8. LEEKS. “I think they’re underused. They’re great for soup, great grilled, great to fry, and just a great flavor. Leeks are fantastic.” So why aren’t they more popular? “I think it’s the inconvenience. You know, you’ve got to prepare them. You’ve got to wash them. They’re full of dirt. When you bring dirt into a kitchen there’s a possibility of it getting into something else. That’s why people buy prepared spinach. They don’t want to risk having to clean it and making sure the dirt’s out of it. That could ruin a whole night.”
9. SALT AND PEPPER. “Not just as a seasoning: salt as in preserving, and as an architectural piece: We build walls out of bricks of salt. We build our bars out of salt. In the restaurant up at Foxwoods we build a lot of salt walls and we light it up. It’s beautiful.” [Editor’s note: There are some pictures on the site for David Burke Prime at Foxwoods.] “And then pepper: Black pepper, white pepper, green peppercorn even though it’s a different family. And using that not just as a hint but crushed, using that as [the primary flavor in] marinades, using that fresh on the table.”

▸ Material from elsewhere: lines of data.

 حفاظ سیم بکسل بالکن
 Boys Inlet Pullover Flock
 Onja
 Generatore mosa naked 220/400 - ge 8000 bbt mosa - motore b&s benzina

10. CHILE PEPPERS. “I’m not a chile expert by any means, but I’m getting more and more into smoked chiles and the heat of chiles. When I write menus and I balance out a menu, I use heat as one of those [criteria]: You’ve got to have enough fish, enough meat. Do I have enough poultry? Do we have enough salad? Do we have enough female-friendly dishes? Do we have enough healthy? Do we have a pasta dish? Do we have enough dishes with heat? Chiles are taking the place of what salt and pepper were when I was trained; they add another level of flavor to a dish. It’s a finishing note usually, the heat, and that’s something that’s fantastic. It kind of lingers with you.”